I notice Lewis Lapham's Philadelphia appearance is suddenly back on-- poster presenting his google-eyed Brahmin mug holding the slimy smirk of a child molestor. I'm not exaggerating! The photo is classic; very revealing.
It occurs to me that this entire society is built on bluff. (As Lapham acknowledges but always declines to apply to himself.) We have a President-- the notion that we have to have a leader. Billions of dollars go into buttressing this notion, telling us that this one or other mediocrity, dunce, or political whore has unique qualities raising him above the nation. For this childish nonsense we have to blame George Washington, our first President and the only one who appeared Presidential; impressive by his very character, posture, and graceful bearing. He could walk into a room and instantly dominate it, even if it contained a host of geniuses. For over two hundred years since we've been searching for another Washington. We always come up disappointed.
The world of the arts has become bluff. Millions of dollars of publicity proclaim a coagulated work by intellectual dullard Jonathan Franzen a great novel. People rush to buy it. The power of bluff.
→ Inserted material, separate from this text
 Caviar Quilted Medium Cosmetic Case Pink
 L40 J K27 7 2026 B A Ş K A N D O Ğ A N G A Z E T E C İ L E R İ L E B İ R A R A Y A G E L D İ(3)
Lewis Lapham is the beneficiary of bluff. He has a limited view of the world, along with a limited collection of ideas which he recycles again and again in books and essays. The man he replaced, Willie Morris, at least possessed genuine talent. Lapham is merely a typical aristocrat; modest material expensively educated to its highest modest level; with a billionaire's backing. A clean-cut mannequin dressed in the best suits in Manhattan, stiff and gray, his magazine's apparatus pushing the notion relentlessly that the man is one of our distinguished essayists. It's been said enough times for 28 years that many gullible people actually believe it.